_THE TASK_.
Some entries follow. Reproduce exactly the lines starting at the one with "Three Wise Men" and stopping after the one with "A Continental carved".

_RECORDS SHOWN_.
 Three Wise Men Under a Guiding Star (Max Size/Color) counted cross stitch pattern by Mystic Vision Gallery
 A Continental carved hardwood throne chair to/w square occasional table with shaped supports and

==

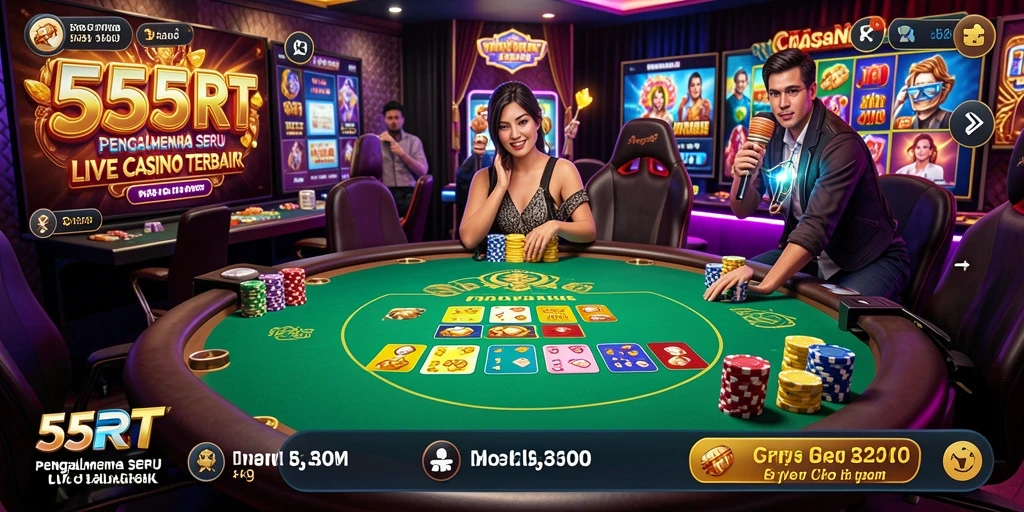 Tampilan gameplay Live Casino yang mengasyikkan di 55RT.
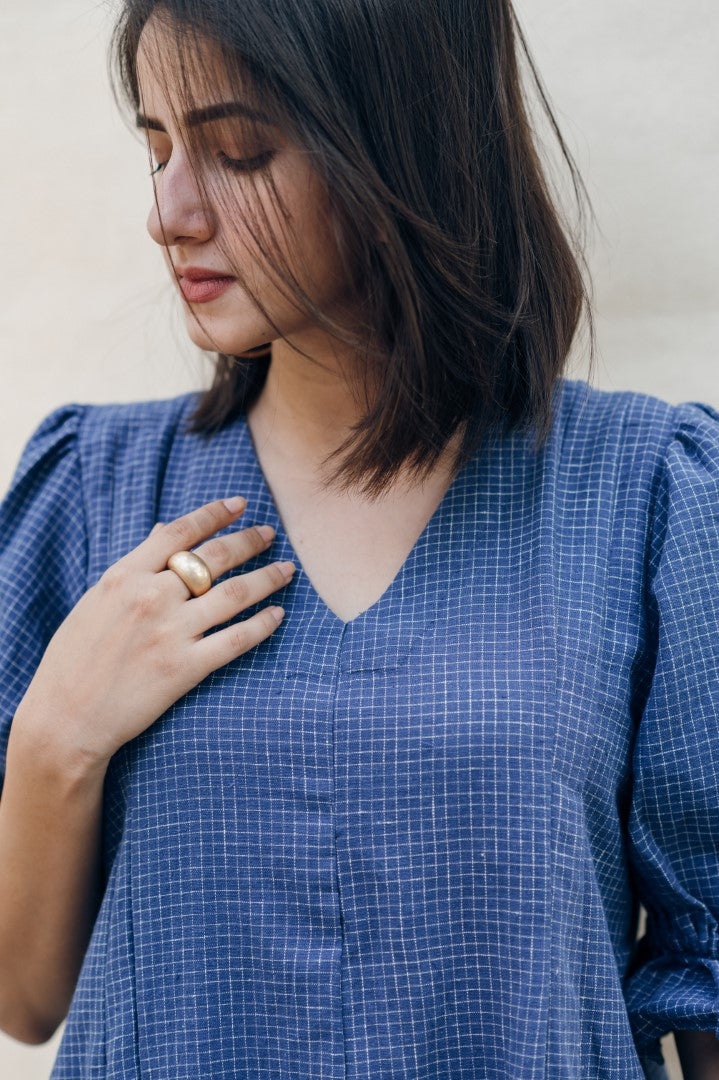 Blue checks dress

---

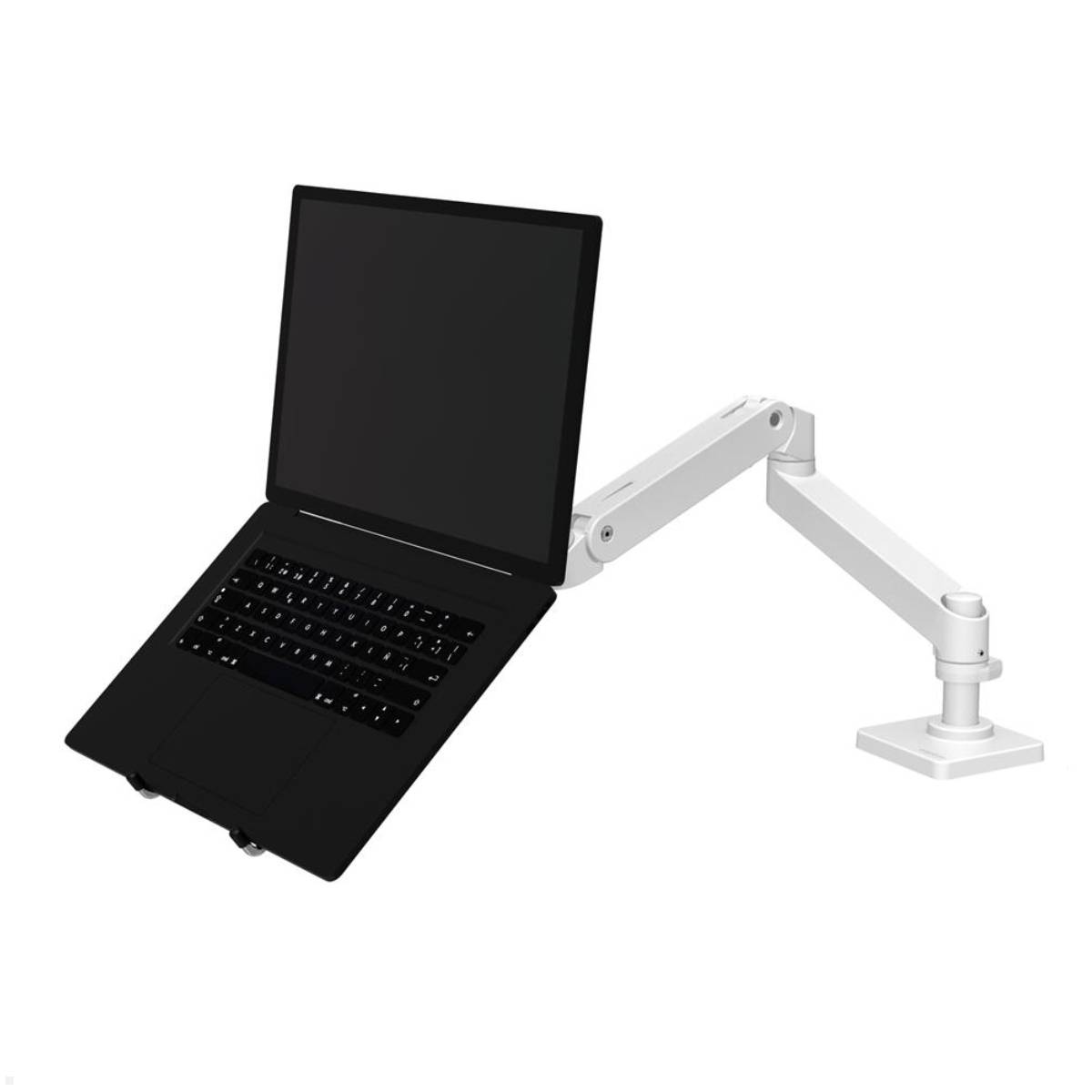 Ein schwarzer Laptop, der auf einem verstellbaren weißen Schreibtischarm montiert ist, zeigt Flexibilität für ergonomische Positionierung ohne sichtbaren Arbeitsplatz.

_ANSWER SECTION_.
 Three Wise Men Under a Guiding Star (Max Size/Color) counted cross stitch pattern by Mystic Vision Gallery
 A Continental carved hardwood throne chair to/w square occasional table with shaped supports and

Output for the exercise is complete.